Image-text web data

▬▬▬▬▬▬

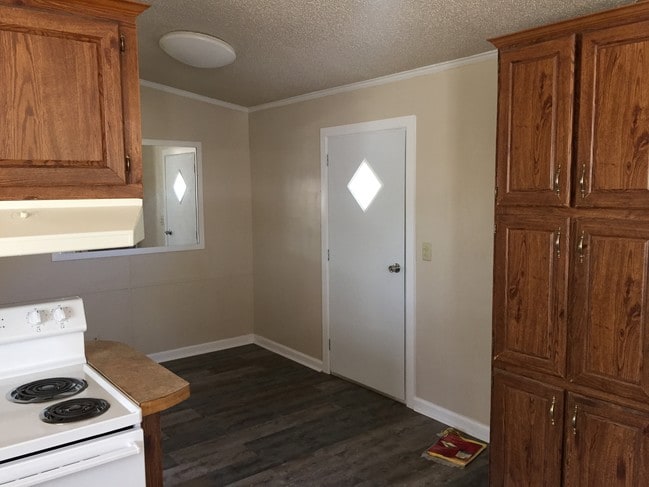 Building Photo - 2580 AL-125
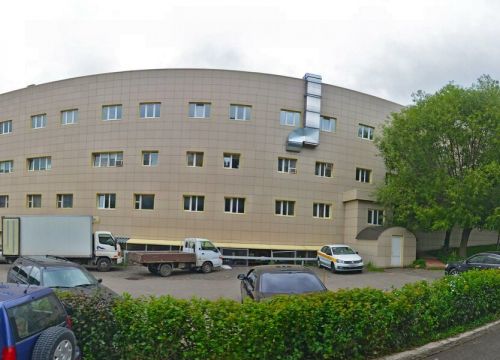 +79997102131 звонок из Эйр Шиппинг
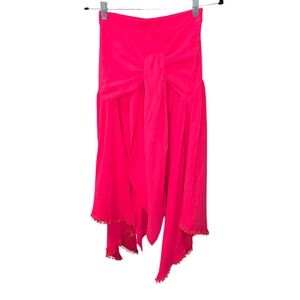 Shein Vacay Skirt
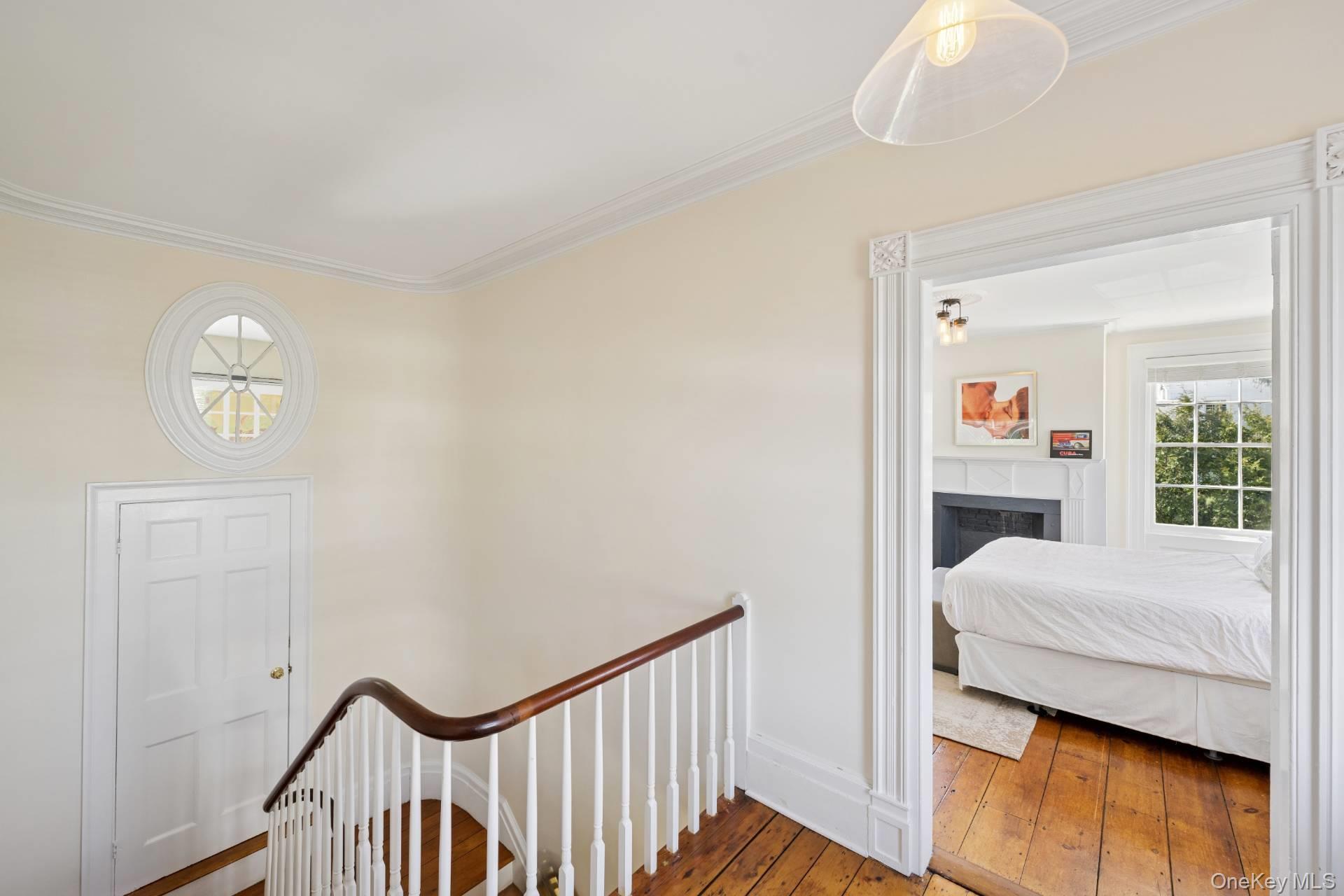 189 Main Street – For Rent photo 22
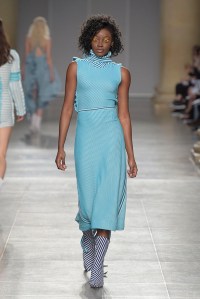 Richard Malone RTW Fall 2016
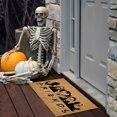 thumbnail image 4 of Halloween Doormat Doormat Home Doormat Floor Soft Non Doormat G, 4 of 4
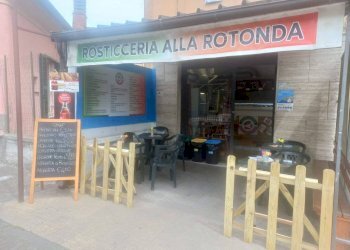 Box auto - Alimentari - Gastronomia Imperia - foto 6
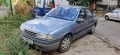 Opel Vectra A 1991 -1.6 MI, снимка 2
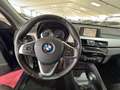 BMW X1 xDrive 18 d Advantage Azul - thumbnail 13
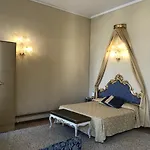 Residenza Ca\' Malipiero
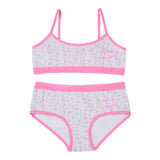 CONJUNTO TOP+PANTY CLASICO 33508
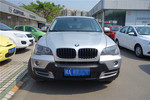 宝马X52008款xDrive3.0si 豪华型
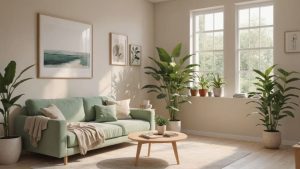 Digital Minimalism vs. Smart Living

▬▬▬▬▬▬

### What to produce
Repeat the entries above exactly as written, but not their pictures.

### Your solution
 Building Photo - 2580 AL-125
 +79997102131 звонок из Эйр Шиппинг
 Shein Vacay Skirt
 189 Main Street – For Rent photo 22
 Richard Malone RTW Fall 2016
 thumbnail image 4 of Halloween Doormat Doormat Home Doormat Floor Soft Non Doormat G, 4 of 4
 Box auto - Alimentari - Gastronomia Imperia - foto 6
 Opel Vectra A 1991 -1.6 MI, снимка 2
 BMW X1 xDrive 18 d Advantage Azul - thumbnail 13
 Residenza Ca\' Malipiero
 CONJUNTO TOP+PANTY CLASICO 33508
 宝马X52008款xDrive3.0si 豪华型
 Digital Minimalism vs. Smart Living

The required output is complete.